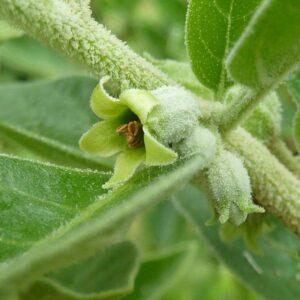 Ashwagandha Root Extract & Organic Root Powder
* * *
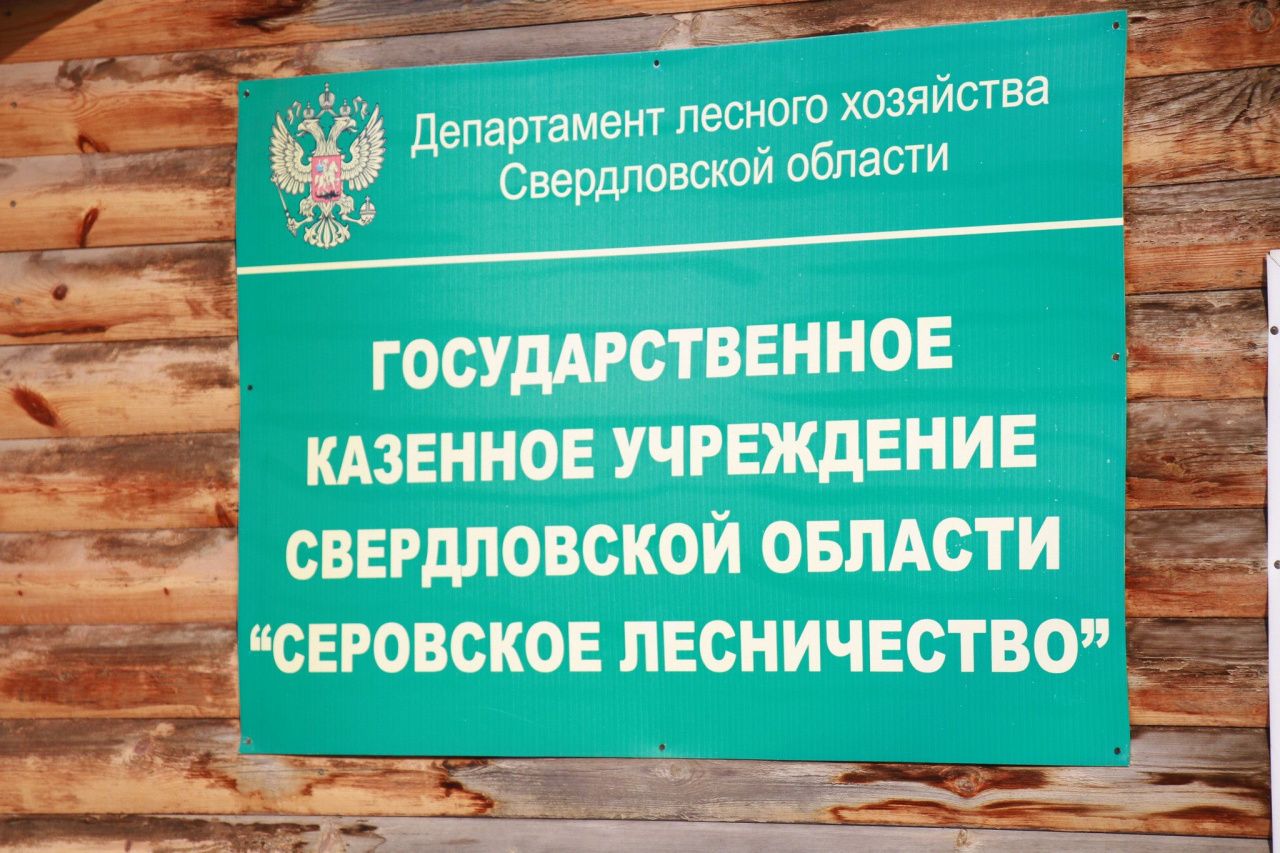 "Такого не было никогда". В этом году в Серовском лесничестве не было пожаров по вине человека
---
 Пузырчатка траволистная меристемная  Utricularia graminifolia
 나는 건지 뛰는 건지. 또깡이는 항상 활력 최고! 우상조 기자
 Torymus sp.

> **THE TASK**
Retype only the lines above between the line with "Пузырчатка траволистная меристемная" and the line with "Torymus sp.", counting those two lines as well, and keep every character as it is.

> **ANSWER BOX**
 Пузырчатка траволистная меристемная  Utricularia graminifolia
 나는 건지 뛰는 건지. 또깡이는 항상 활력 최고! 우상조 기자
 Torymus sp.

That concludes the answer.